Is Dying Of Cancer Really The Best Way To Die?
An article written by Richard Smith which appeared yesterday in the BMJ blog has sparked some controversy. The provocative title of the blog: Dying of cancer is the best death was enough to raise dissent among many commentators.
Smith outlines the reason why he believes cancer is the best way to die:
You can say goodbye, reflect on your life, leave last messages, perhaps visit special places for a last time, listen to favourite pieces of music, read loved poems, and prepare, according to your beliefs, to meet your maker or enjoy eternal oblivion.
Hmmh! This statement reminds me very much of the controversy stirred up this time last year by the Guardian writer Emma Keller’s comments on Lisa Adams’ openness about her metastatic breast cancer.
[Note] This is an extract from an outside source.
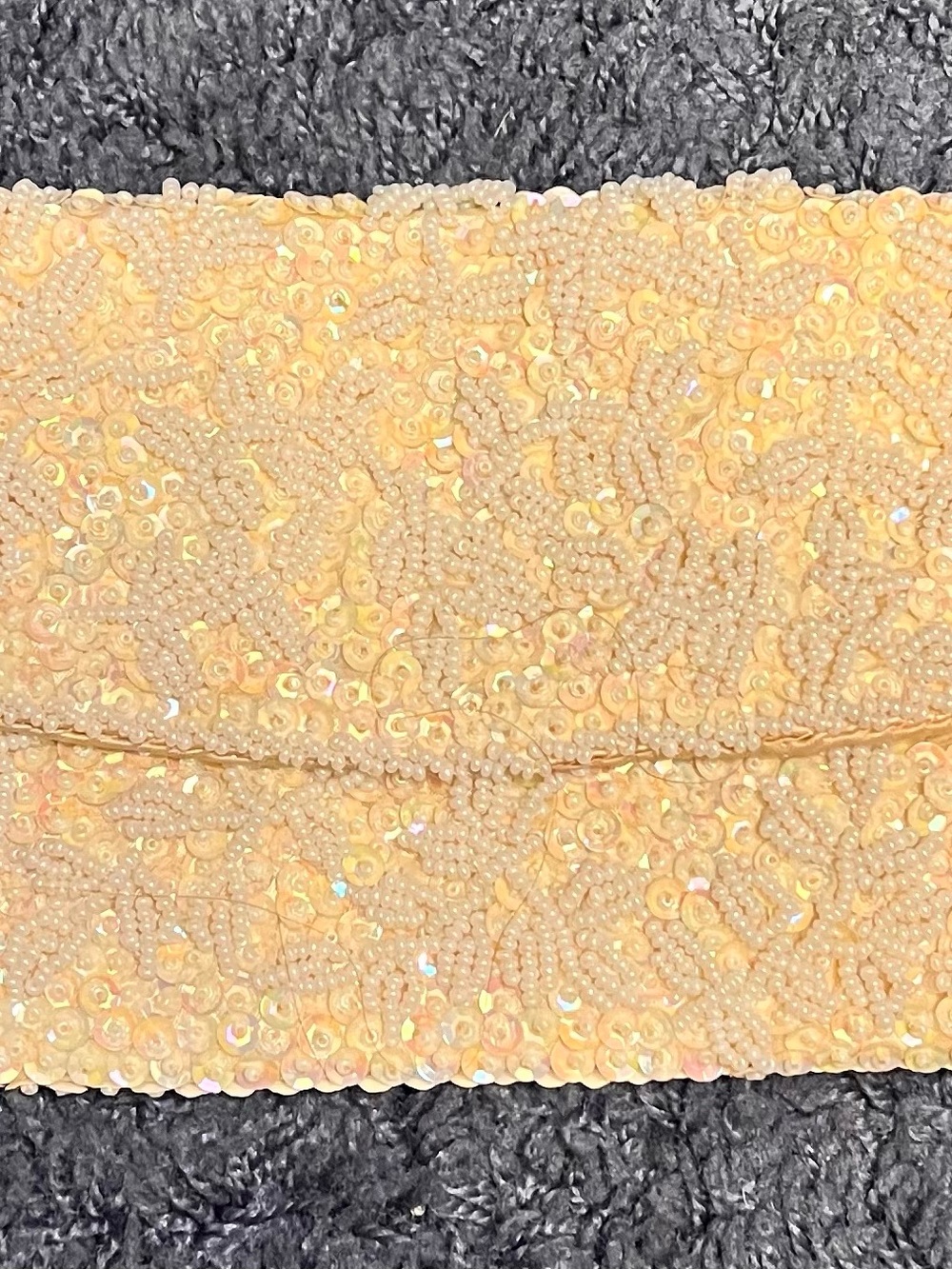 Source Unknown Yellow Beaded Sequin Clutch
I went back to re-read Keller’s husband’s defence of his wife and his laudatory words about his father-in-law who died “without any fuss” of cancer “….allowed to slip peacefully from life…His death seemed to me a humane and honorable alternative to the frantic medical trench warfare that often makes an expensive misery of death in America.”
Smith would no doubt agree with Bill Keller; both men deplore the prolonging of life. Smith acknowledges that his view is an idealised one – but it’s one he clings to:
This is, I recognise, a romantic view of dying, but it is achievable with love, morphine, and whisky. But stay away from overambitious oncologists, and let’s stop wasting billions trying to cure cancer, potentially leaving us to die a much more horrible death.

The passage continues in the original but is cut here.